Since many of you have been customers for a long time (some for decades), we wanted to let you know that our founder, Norton "Nordy" Rockler, has passed away. He was an inspiration to all of us here at Rockler, and he will be missed. 


 


Remembering Our Founder



Norton "Nordy" Rockler



Feb 22, 1922 - Dec 28, 2020


 





 


Norton "Nordy" Rockler passed away on December 28, 2020 at the age of 98 years old. He founded Minnesota Woodworkers Supply Company in 1954 as a mail order business, which later became The Woodworker's Store with the opening of the first retail store in 1977. In 1996, the company was renamed Rockler Woodworking and Hardware and has since expanded nationally and internationally.
Nordy was a true pioneer and innovator in his field. He was able to recognize trends in woodworking and furniture making. He loved developing and selling great products, especially finishing, woodturning and furniture hardware. His vision created a company unique in the United States and introduced hobbyists and DIYers to specialty items that formerly were only accessible to professionals. His first catalog included many of the same products the company still carries today. It was to become the foundation upon which the home shop woodworking world was built. 
Nordy's kind and gentle nature attracted many wonderful employees to Rockler over the years, many of whom became great friends. He and his late wife, Bert, supported many arts organizations and charities. He was committed to doing good in the world - with his family, friends, business, community and more. 
Nordy's woodworking legacy lives on in the company he started through the stewardship of his daughter, Ann Rockler Jackson, her children and the many employees current and past who have made careers and friendships at Rockler.

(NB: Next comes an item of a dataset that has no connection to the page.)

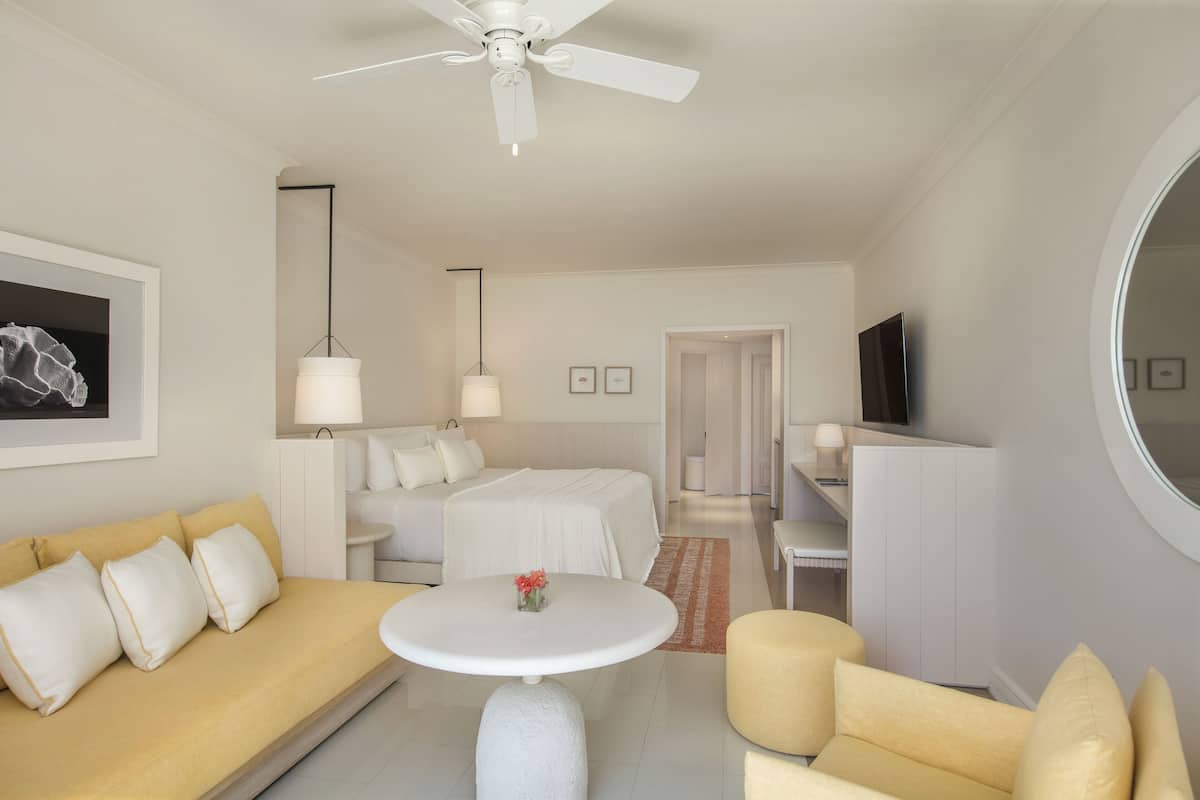 Habitació d'hotel moderna amb llit, sofà, taula rodona i televisió.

Reactions: Like 2 | Great Post 1 | Sincere 7


----------



## Tony (Dec 31, 2020)

Seems like he lived a long, full life.

Reactions: Agree 3


----------



## trc65 (Dec 31, 2020)

Thanks for posting. Never knew there was a Mr. Rockler.


----------



## William Tanner (Dec 31, 2020)

Sounds like he was one of the good guys. Have only made it to one Rockler store and that was in Seattle.


----------